Line 12: visited is a list that is used to keep track of visited nodes.

Line 13: queue is a list that is used to keep track of nodes currently in the queue.

Line 29: The arguments of the bfs function are the visited list, the graph in the form of a dictionary, and the starting node A.

Lines 15-26: bfs follows the algorithm described above:

  1. It checks and appends the starting node to the visited list and the queue.
  2. Then, while the queue contains elements, it keeps taking out nodes from the queue, appends the neighbors of that node to the queue if they are unvisited, and marks them as visited.
  3. This continues until the queue is empty.

Time Complexity

Since all of ​the nodes and vertices are visited, the time complexity for BFS on a graph is O(V + E); where V is the number of vertices and E is the number of edges.


Question 39: Implement depth first search (DFS) in Python

Consider this graph, implemented in the code below:

widget
# Using a Python dictionary to act as an adjacency list
graph = {
    'A' : ['B','C'],
    'B' : ['D', 'E'],
    'C' : ['F'],
    'D' : [],
    'E' : ['F'],
    'F' : []
}

visited = set() # Set to keep track of visited nodes.

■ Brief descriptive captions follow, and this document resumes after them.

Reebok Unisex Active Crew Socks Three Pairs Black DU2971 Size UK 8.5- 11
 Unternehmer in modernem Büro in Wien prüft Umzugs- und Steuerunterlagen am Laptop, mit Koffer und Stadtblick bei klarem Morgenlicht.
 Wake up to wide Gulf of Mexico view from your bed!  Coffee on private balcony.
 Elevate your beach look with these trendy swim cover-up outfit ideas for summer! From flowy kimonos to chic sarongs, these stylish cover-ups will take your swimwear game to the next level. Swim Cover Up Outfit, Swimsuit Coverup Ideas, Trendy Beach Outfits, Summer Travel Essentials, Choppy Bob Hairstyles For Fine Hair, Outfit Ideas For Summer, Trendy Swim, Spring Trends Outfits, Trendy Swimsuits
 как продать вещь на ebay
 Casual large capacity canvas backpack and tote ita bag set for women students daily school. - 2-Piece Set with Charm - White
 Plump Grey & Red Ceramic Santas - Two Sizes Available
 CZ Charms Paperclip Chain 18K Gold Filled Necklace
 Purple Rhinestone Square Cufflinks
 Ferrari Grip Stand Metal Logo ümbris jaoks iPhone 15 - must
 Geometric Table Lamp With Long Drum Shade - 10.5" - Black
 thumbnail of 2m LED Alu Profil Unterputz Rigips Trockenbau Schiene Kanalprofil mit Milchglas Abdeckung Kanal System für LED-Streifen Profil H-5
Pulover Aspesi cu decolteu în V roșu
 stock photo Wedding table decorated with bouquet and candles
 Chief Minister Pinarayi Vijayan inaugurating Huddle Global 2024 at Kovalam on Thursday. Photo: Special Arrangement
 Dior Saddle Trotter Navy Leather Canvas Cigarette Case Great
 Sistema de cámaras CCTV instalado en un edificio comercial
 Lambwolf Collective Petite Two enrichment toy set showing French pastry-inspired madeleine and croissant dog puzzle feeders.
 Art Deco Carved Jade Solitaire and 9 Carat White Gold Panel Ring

def dfs(visited, graph, node):
    if node not in visited:
        print (node)
        visited.add(node)
        for neighbour in graph[node]:
            dfs(visited, graph, neighbour)

# Driver Code
dfs(visited, graph, 'A')

Explanation

Lines 2-9: The illustrated graph is represented using an adjacency list - an easy way to do it in Python is to use a dictionary data structure. Each vertex has a list of its adjacent nodes stored.

Line 11: visited is a set that is used to keep track of visited nodes.

Line 21: The dfs function is called and is passed the visited set, the graph in the form of a dictionary, and A, which is the starting node.

Lines 13-18: dfs follows the algorithm described above:

  1. It first checks if the current node is unvisited - if yes, it is appended in the visited set.
  2. Then for each neighbor of the current node, the dfs function is invoked again.
  3. The base case is invoked when all the nodes are visited. The function then returns.

Time Complexity

Since all the nodes and vertices are visited, the average time complexity for DFS on a graph is O(V + E), where V is the number of vertices and E is the number of edges. In case of DFS on a tree, the time complexity is O(V), where V is the number of nodes.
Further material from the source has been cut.